The tallest B Tree is made entirely of 2-nodes, making it a complete binary tree. This should make it clear that it's of logarithmic height, comparable to AVL trees. But, which is better?

As is often the case, the answer is "it depends." In this case, it depends on something a little bit different than in the past. We can't say that one has a better Big-O than the other, because both are $$O(\log(n))$$.

Suppose the degree of your B Tree is really big, maybe even in the hundreds. Well, storing a single node may be more difficult, because it's bigger. However, when you're looking for which child to traverse to, you can do binary search on an array, which is considerably faster (not in the Big-O sense, but in the "smaller coefficient" sense) than following pointers down a tree.

We'll expand on this idea in the next lecture.

# 6 B+ Trees

The most common variant of a B Tree is known as a B+ tree. This is only slightly different from B Trees as we have learned them so far, but they are targeted at a very specific purpose: databases.
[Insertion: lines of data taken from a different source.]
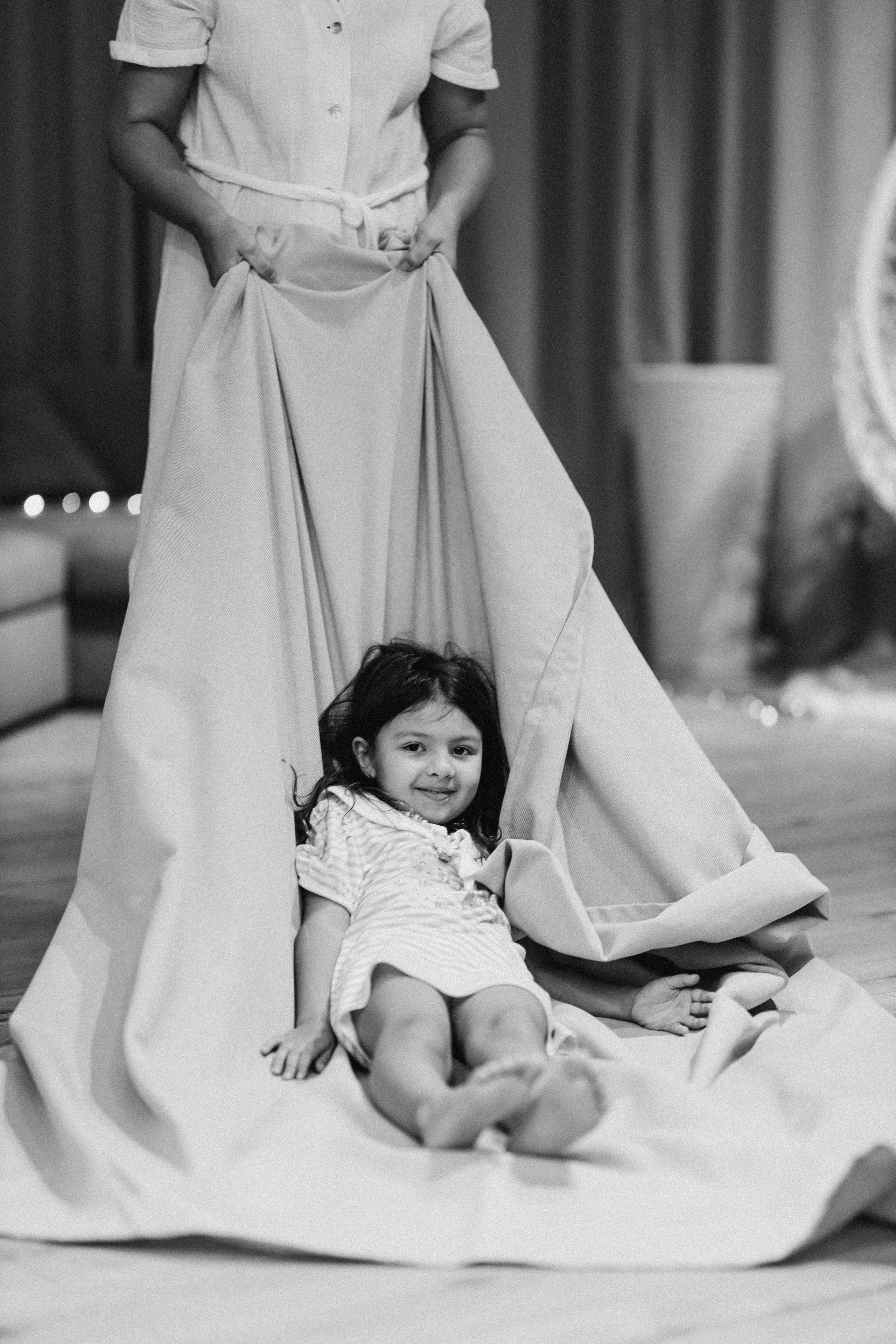 ЧБ. Фотограф в Жезказгане. Графический дизайнер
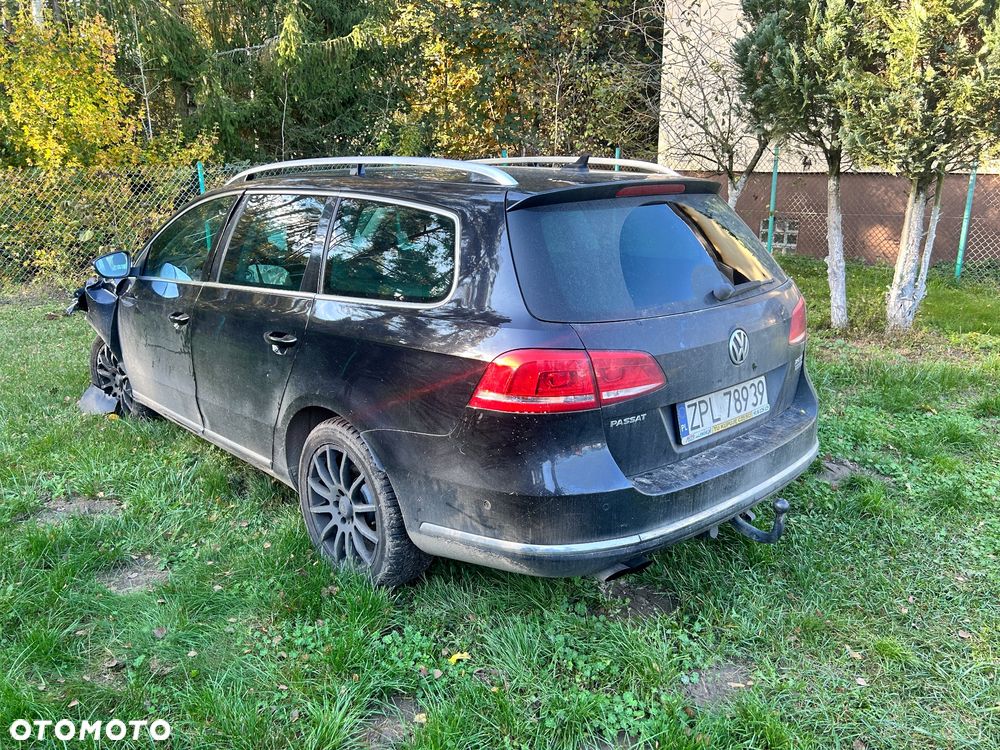 Volkswagen Passat 2.0 TDI DSG BlueMotion Technology Comfortline - 9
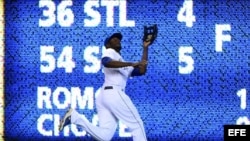 El jardinero central de Reales Lorenzo Chain, durante el tercer partido entre Orioles y Reales, en Kansas City, Missouri.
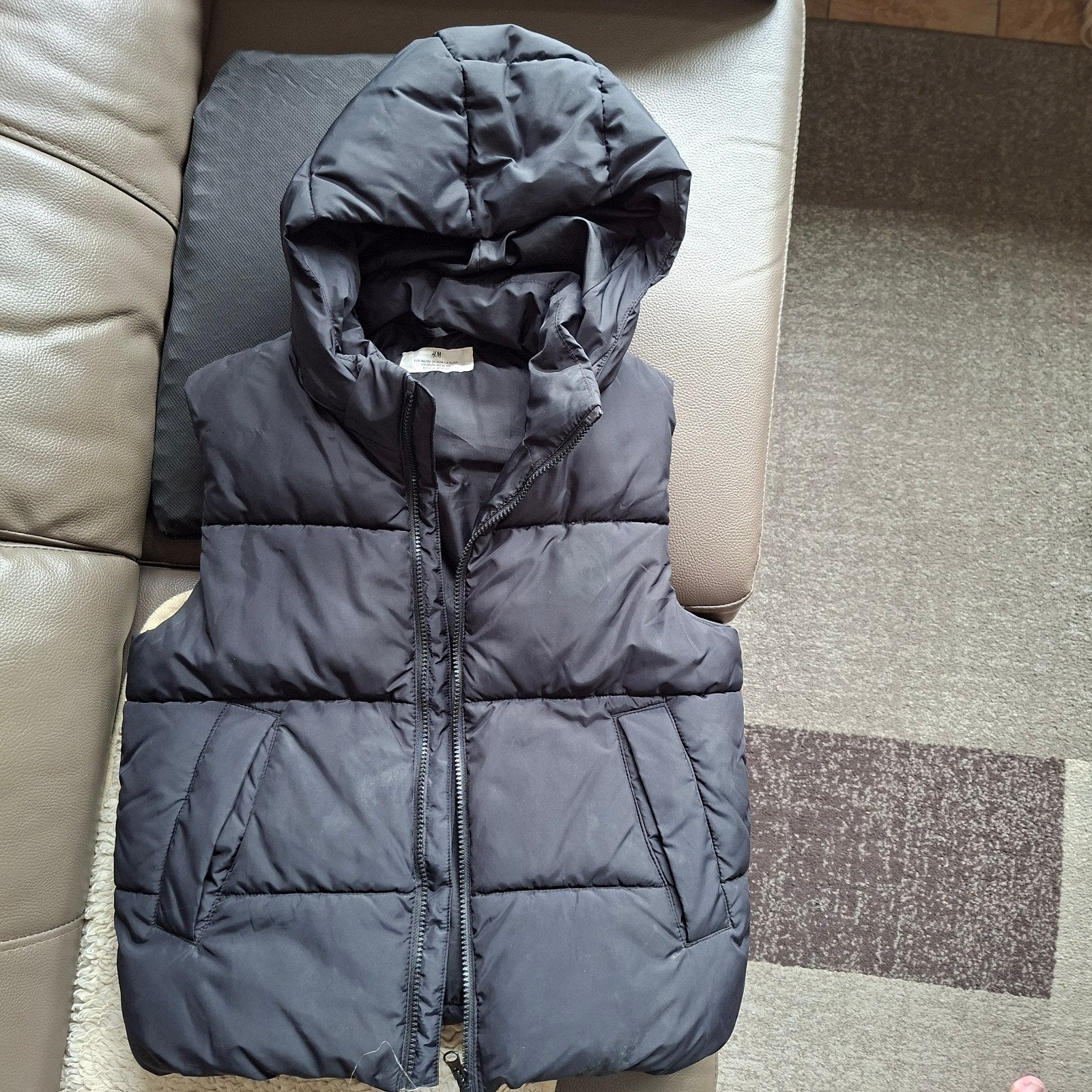 ARTIKEL STAAT NIET TE KOOP!!  Gevonden Body warmer kind., Ophalen, Zo goed als nieuw, Maat 34 (XS) of kleiner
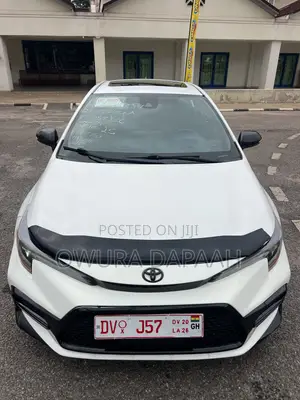 Toyota Corolla SE 2021 White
Suppose we have lots and lots of data, like in the area of billions of key-value pairs, which we would like to access quickly. So far, all of our assumptions have been based around the fact that a calculation" is close enough in time to every other calculation that we don't care about one or the other. In real life, this is not always the case. For example, querying a remote machine is MUCH slower than doing many calculations on the same machine. Similarly, and most relevantly, doing a calculation on data in memory is much, much faster than doing the same calculation on data which is on the hard drive, because accessing data on the hard drive actually involves moving parts (turning the platters and moving the read head).
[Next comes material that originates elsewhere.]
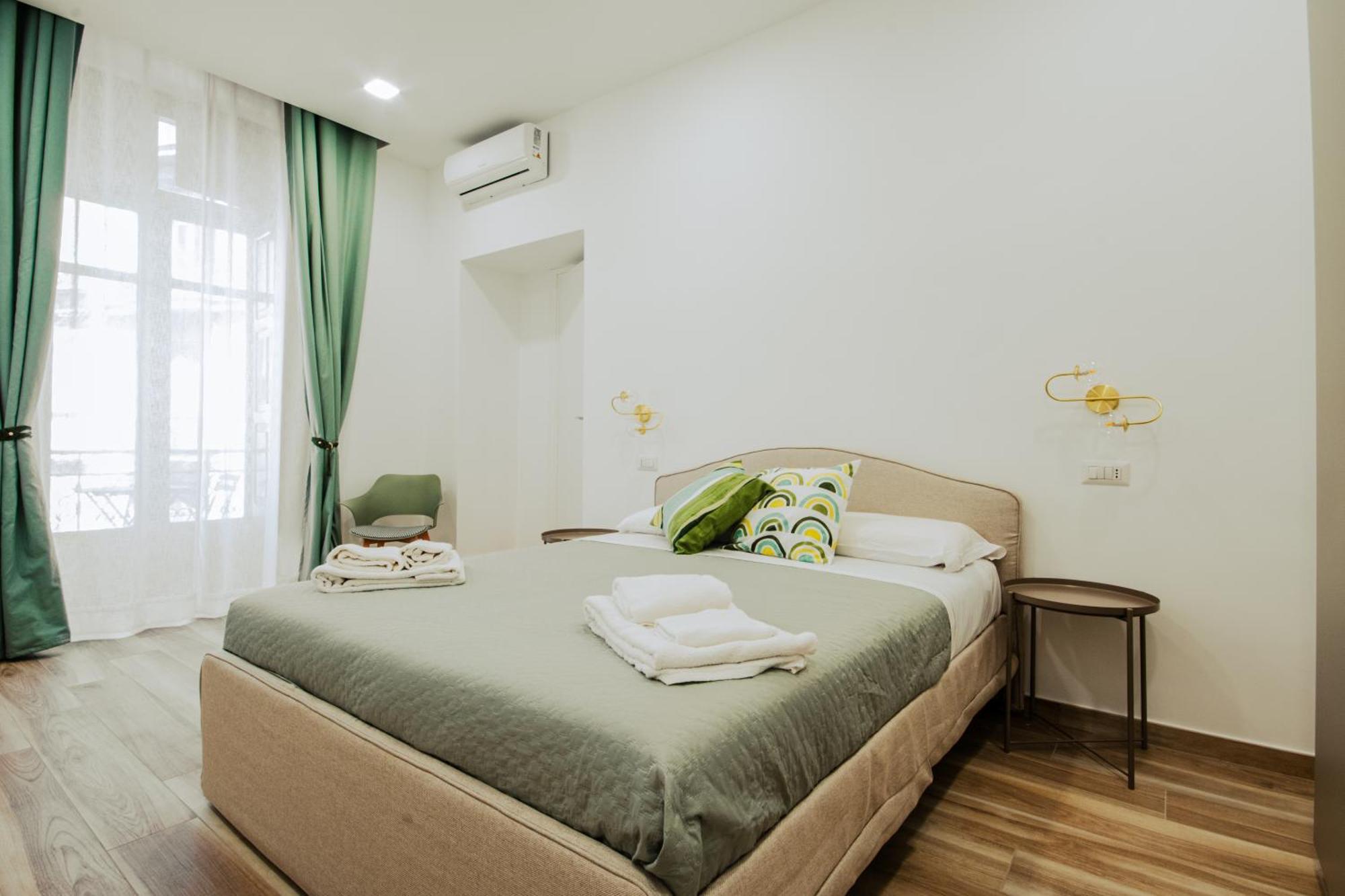 B&B Lara'S Home By I Borbone Napoli Esterno foto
If we have a very large amount of data, and any individual datum is only accessed occasionally, it is impossible to load all that data into memory; at some point, you're going to have to go read off the hard drive. The goal of a B+ tree is to minimize the number of hard drive seeks.
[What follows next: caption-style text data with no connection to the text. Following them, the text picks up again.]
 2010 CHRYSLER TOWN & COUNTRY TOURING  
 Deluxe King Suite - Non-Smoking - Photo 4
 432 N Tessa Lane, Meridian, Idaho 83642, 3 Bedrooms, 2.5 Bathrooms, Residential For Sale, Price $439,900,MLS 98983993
## Why an AVL is a bad choice

If you had this much data, a big chunk of the top of the tree could fit into memory. However, with each layer having twice as many nodes as the layer above, nearly all nodes would have to be on the hard drive. Additionally, with each comparison, the hard drive would have to seek to the next node's location on the hard disk, which takes quite a bit of time.

Well, what if for any two layers of nodes, consisting of a parent and two children, we combined them into a single node with four children? To get to that node requires a single hard drive seek, where we could make two layer's worth of comparisons without moving the hard drive again. This is exactly the idea of the B Tree: more key-value pairs in one location leads to fewer hard drive seeks.

## Why vanilla B Trees still aren't good enough

So now, minimizing hard drive accesses consists of getting as many of the top layers into memory as possible. A good way to do this is to remove having key-value pairs in the internal nodes, and merely reproducing the first key of a node in the parent node; this way you can store many more keys in the top few levels. For example:

In the above picture, $$k_*$$ are the keys, and $$v_*$$ are the accompanying values. $$k_4$$, rather than having its value stored in the upper node, instead is merely reproduced in the upper node, so as to take up less space.

## But wait... there's more!

What's with the arrows between the leaves? Many database queries are along the lines of "give me every value associated with a key within the range (some key-some other key)." This is why leaves are large: the hard drive needs to seek to the first element of the block (slow), but then can read off each of these consecutive values one after another (fast), since they are physically right next to each other on disk. But what if the range extends past the end of a leaf? Well, here, each leaf contains a pointer to the next leaf, like a linked list. This allows the hard drive to move to the next block without having to re-navigate the tree.

So to summarize: B Trees, plus keeping all values in the leaves, plus pointers between the leaves, gives you a B+ Tree.